What this task involves:
Below are records with pictures; copy word for word only the lines between the line with "Something in the" and the line with "Hey guys, welcome", inclusive, and drop the pictures.
^^^^^^^^^^^^^^^^
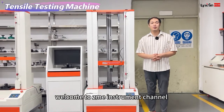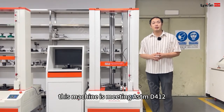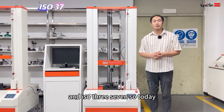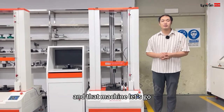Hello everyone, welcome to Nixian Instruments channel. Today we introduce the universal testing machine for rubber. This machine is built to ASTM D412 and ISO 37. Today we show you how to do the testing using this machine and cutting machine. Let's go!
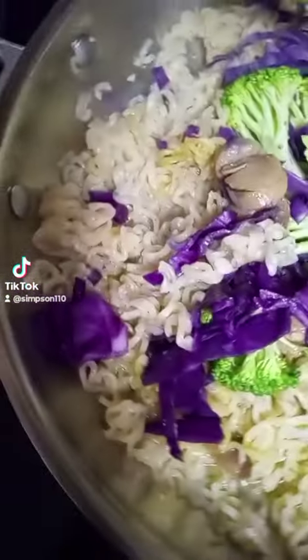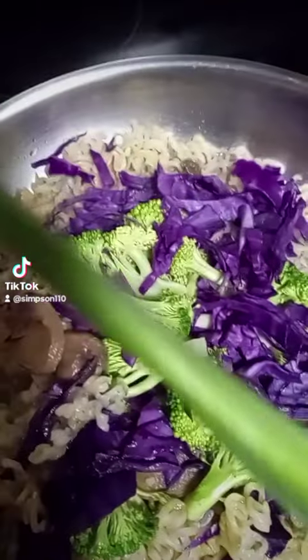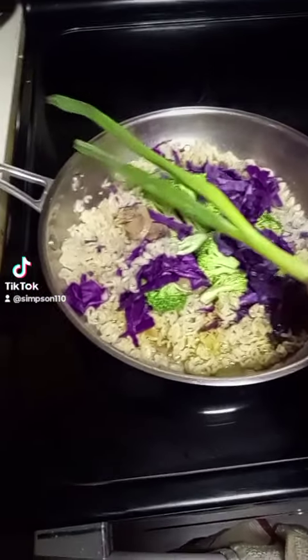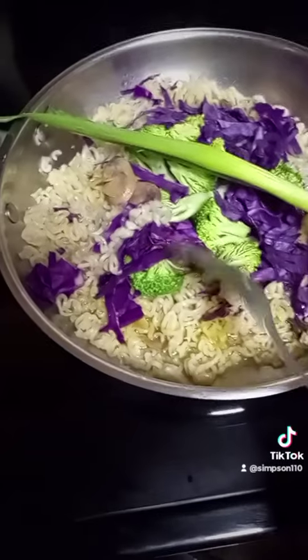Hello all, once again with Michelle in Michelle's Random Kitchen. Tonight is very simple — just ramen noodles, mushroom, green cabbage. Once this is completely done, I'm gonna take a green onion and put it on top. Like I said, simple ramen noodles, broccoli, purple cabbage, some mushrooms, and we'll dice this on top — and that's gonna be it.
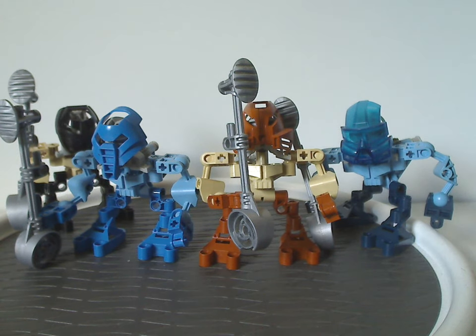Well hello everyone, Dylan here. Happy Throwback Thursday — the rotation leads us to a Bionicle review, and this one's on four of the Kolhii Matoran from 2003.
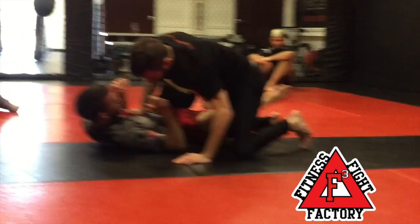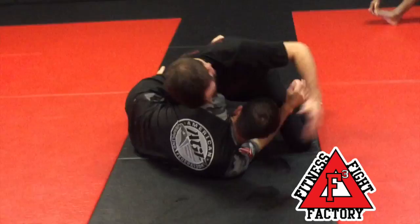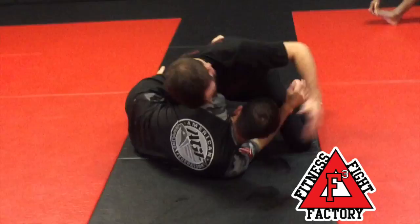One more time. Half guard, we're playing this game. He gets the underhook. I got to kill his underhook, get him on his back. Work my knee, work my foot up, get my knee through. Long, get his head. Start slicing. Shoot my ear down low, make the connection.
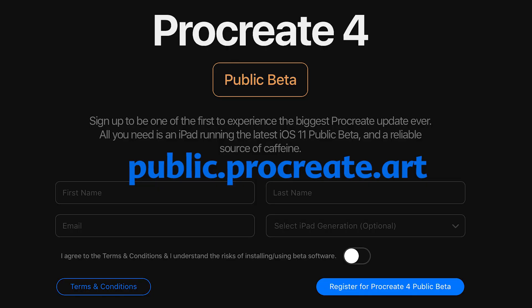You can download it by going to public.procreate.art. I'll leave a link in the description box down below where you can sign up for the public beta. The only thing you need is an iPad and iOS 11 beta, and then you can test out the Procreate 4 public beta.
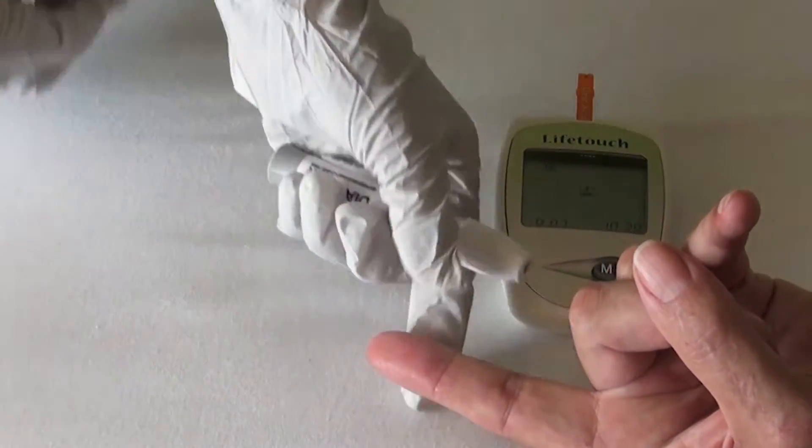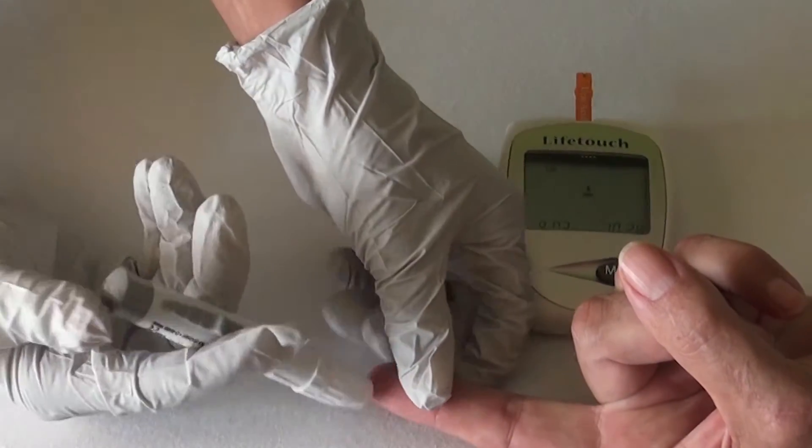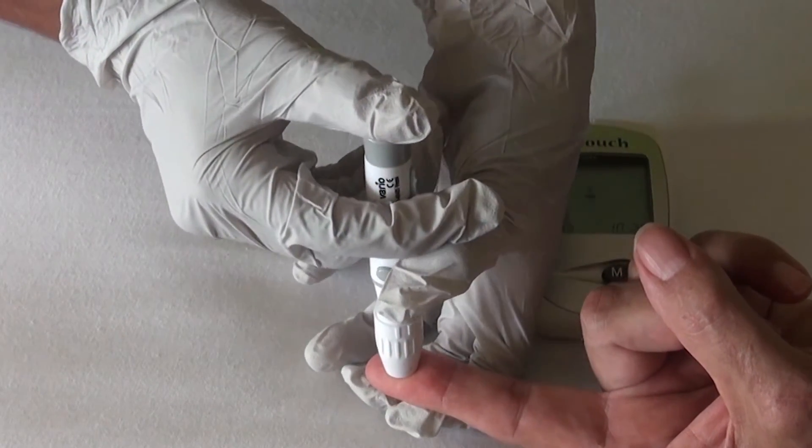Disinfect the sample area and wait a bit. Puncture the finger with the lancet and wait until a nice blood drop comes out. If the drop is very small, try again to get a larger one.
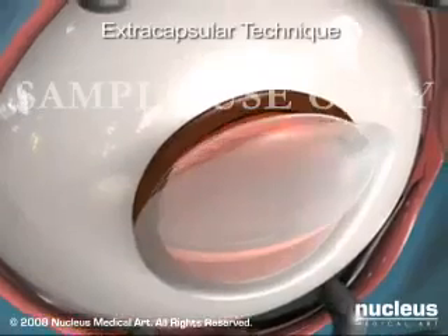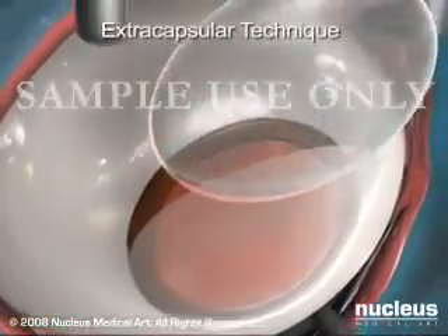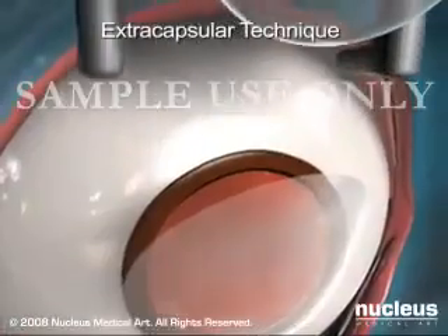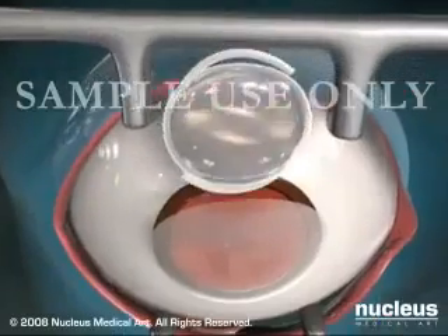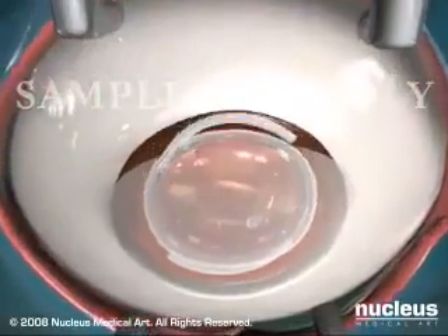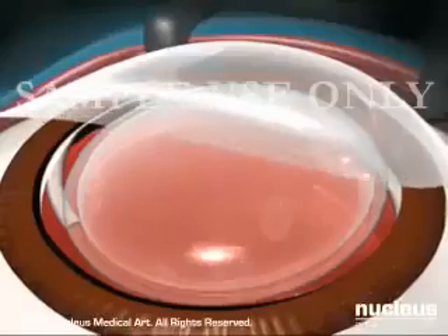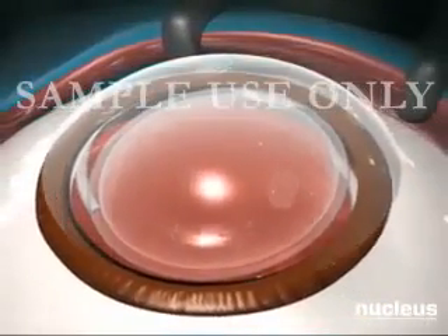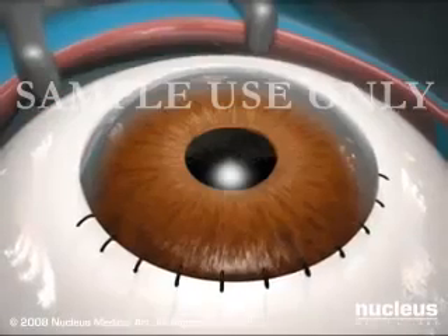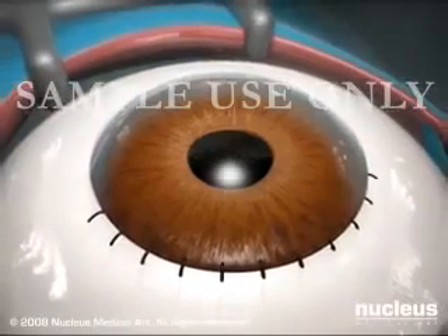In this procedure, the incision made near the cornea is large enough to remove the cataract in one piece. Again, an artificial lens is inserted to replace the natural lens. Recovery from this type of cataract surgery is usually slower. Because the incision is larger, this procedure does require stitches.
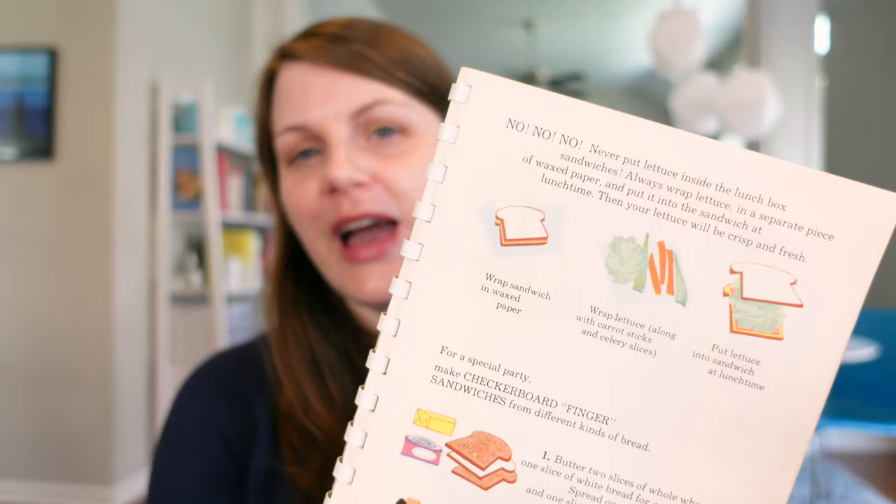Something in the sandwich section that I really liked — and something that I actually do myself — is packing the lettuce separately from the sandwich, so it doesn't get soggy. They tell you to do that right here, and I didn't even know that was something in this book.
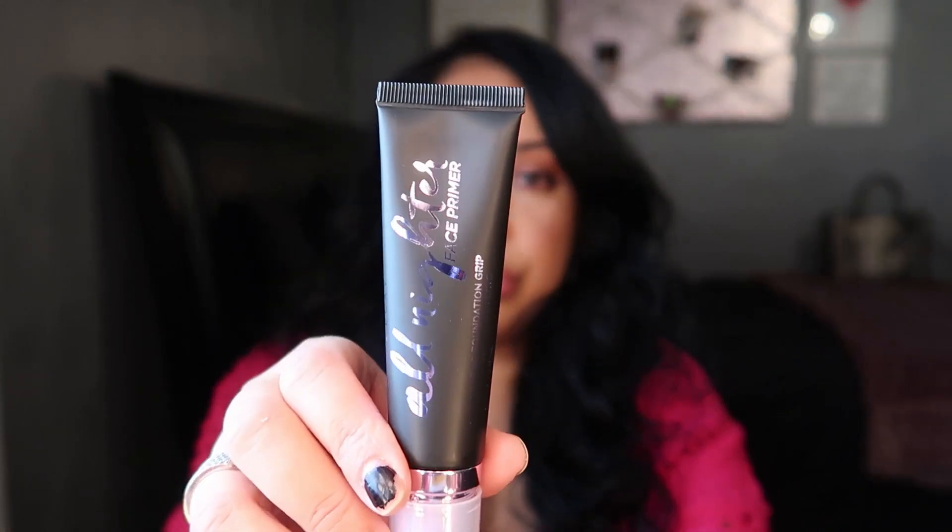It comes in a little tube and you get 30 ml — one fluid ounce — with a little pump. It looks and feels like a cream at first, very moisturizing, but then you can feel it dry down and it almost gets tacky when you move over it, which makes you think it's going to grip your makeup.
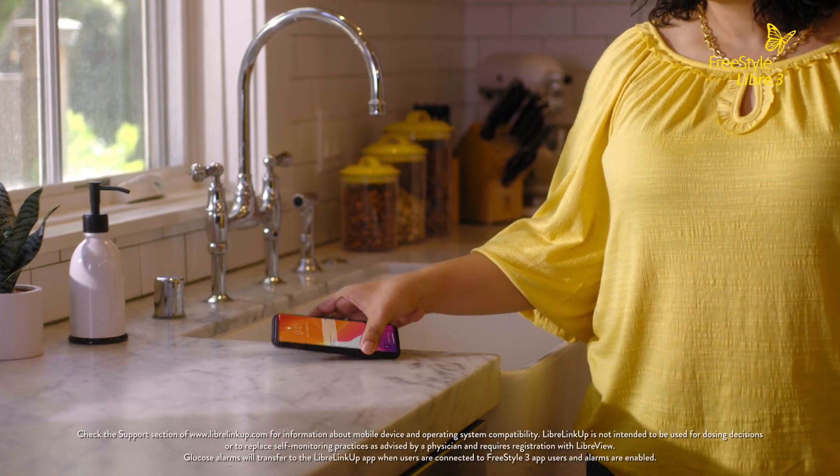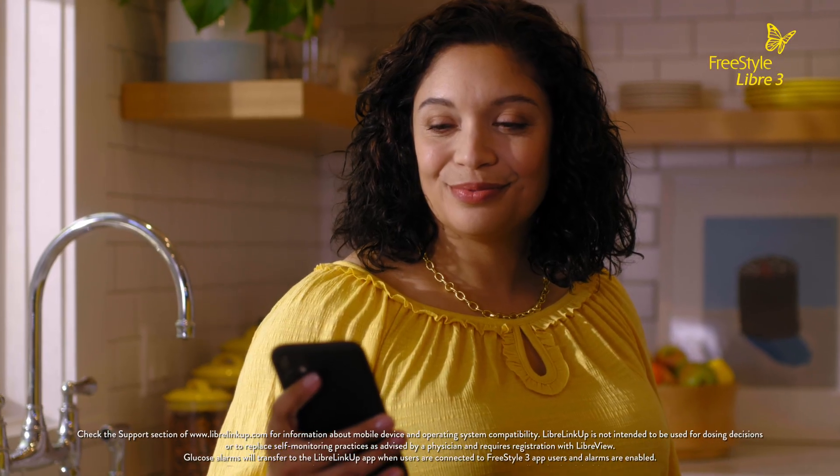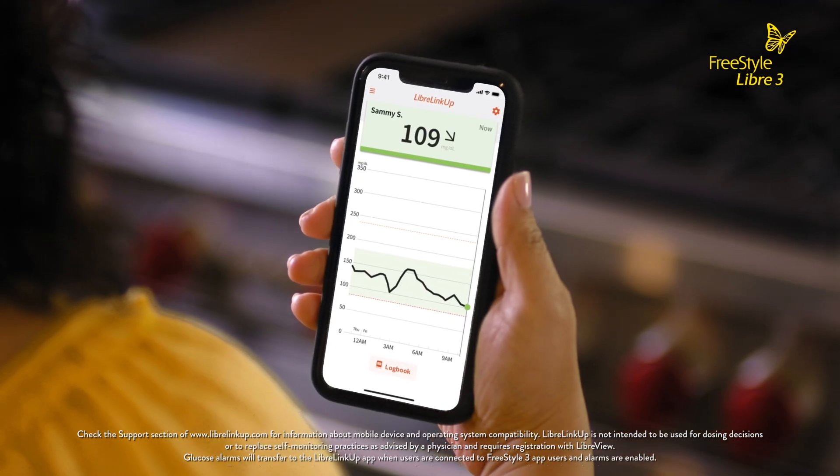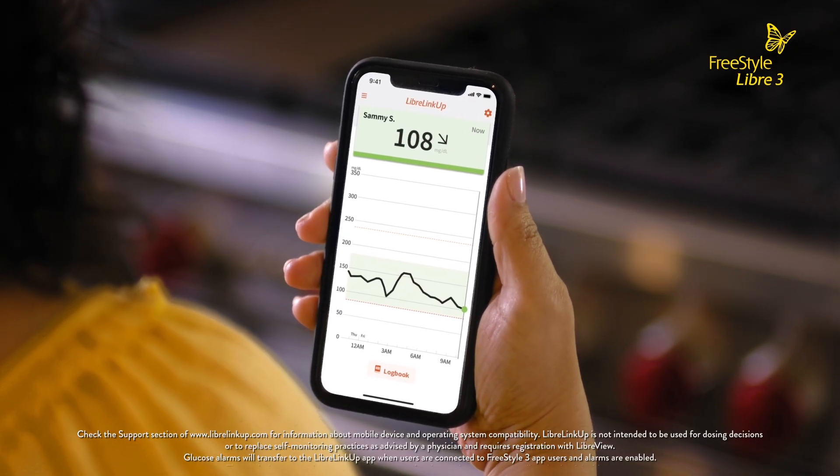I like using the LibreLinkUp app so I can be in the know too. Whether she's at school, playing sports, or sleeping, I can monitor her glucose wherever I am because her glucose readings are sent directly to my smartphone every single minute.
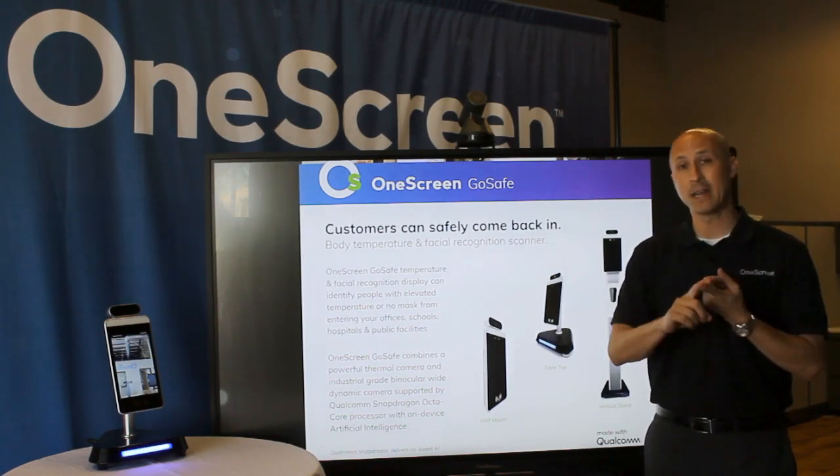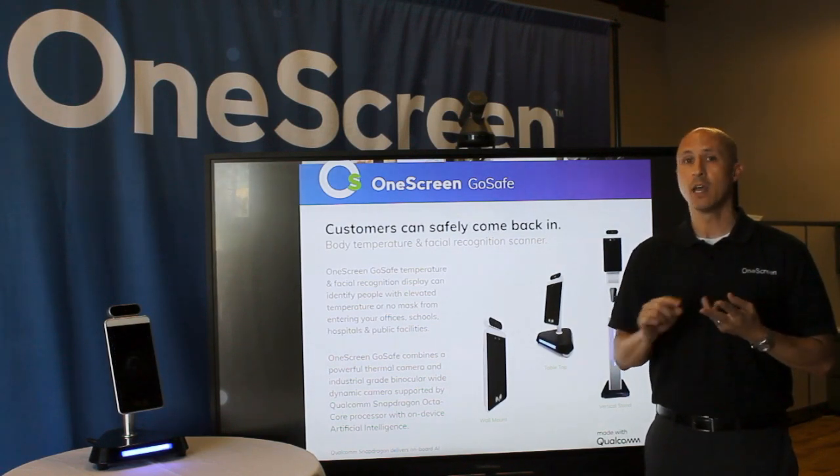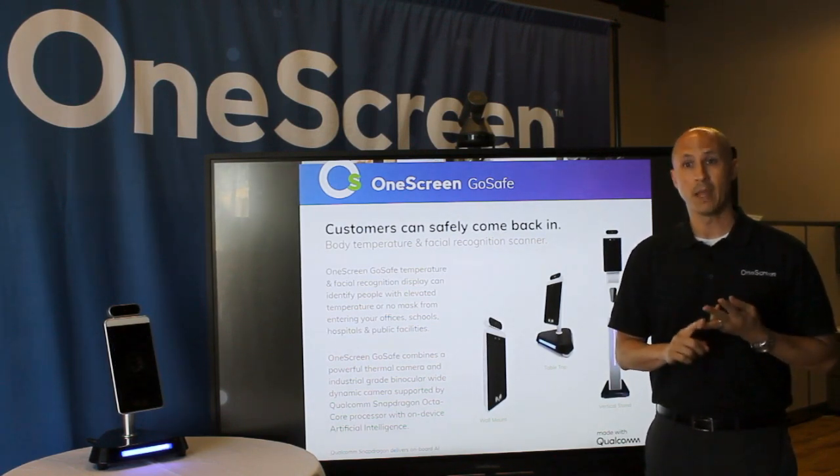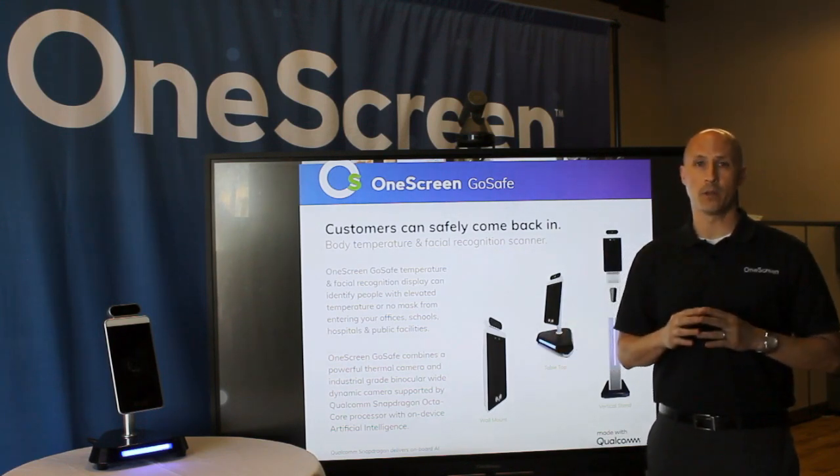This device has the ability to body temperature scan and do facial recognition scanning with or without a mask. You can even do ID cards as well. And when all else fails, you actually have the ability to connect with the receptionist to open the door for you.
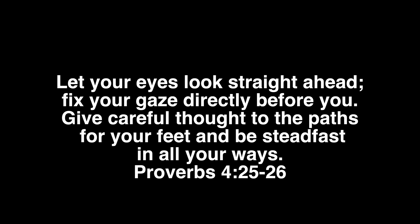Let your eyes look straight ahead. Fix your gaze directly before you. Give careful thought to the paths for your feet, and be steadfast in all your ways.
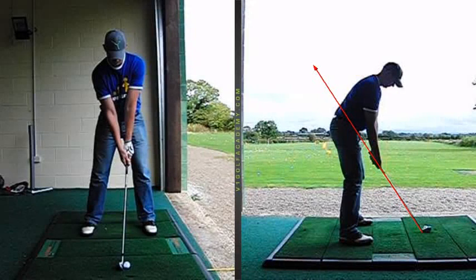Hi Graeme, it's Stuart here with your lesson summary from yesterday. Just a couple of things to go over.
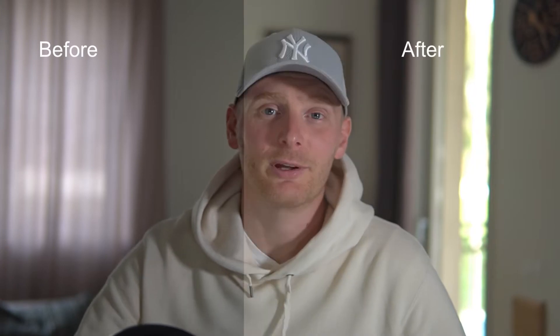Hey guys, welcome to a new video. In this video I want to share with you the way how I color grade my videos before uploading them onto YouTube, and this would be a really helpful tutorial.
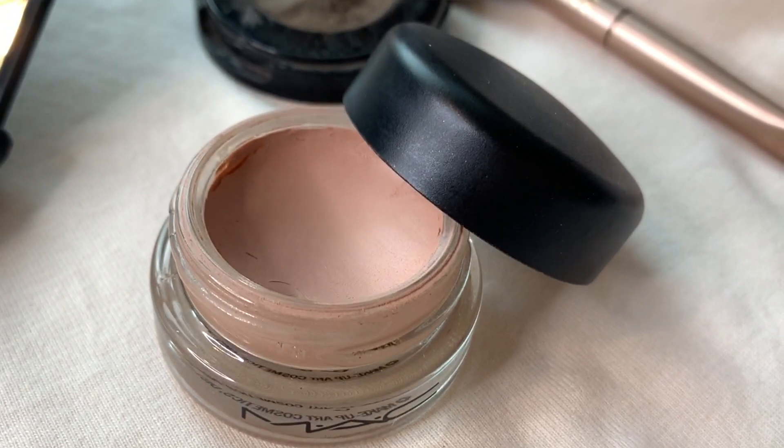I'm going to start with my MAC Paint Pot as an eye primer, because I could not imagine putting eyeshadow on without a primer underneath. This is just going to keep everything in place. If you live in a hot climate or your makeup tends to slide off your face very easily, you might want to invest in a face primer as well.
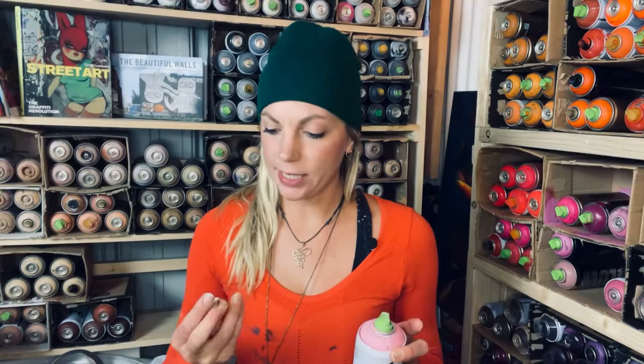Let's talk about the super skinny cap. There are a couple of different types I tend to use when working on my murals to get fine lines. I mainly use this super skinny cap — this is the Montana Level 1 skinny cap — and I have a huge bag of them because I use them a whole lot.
^^^^^^^^^^^^^^^^
Answer to this problem:
Something in the sandwich section that I really liked — and something that I actually do myself — is packing the lettuce separately from the sandwich, so it doesn't get soggy. They tell you to do that right here, and I didn't even know that was something in this book.
It comes in a little tube and you get 30 ml — one fluid ounce — with a little pump. It looks and feels like a cream at first, very moisturizing, but then you can feel it dry down and it almost gets tacky when you move over it, which makes you think it's going to grip your makeup.
I like using the LibreLinkUp app so I can be in the know too. Whether she's at school, playing sports, or sleeping, I can monitor her glucose wherever I am because her glucose readings are sent directly to my smartphone every single minute.
This device has the ability to body temperature scan and do facial recognition scanning with or without a mask. You can even do ID cards as well. And when all else fails, you actually have the ability to connect with the receptionist to open the door for you.
Let your eyes look straight ahead. Fix your gaze directly before you. Give careful thought to the paths for your feet, and be steadfast in all your ways.
Hi Graeme, it's Stuart here with your lesson summary from yesterday. Just a couple of things to go over.
Hey guys, welcome to a new video. In this video I want to share with you the way how I color grade my videos before uploading them onto YouTube, and this would be a really helpful tutorial.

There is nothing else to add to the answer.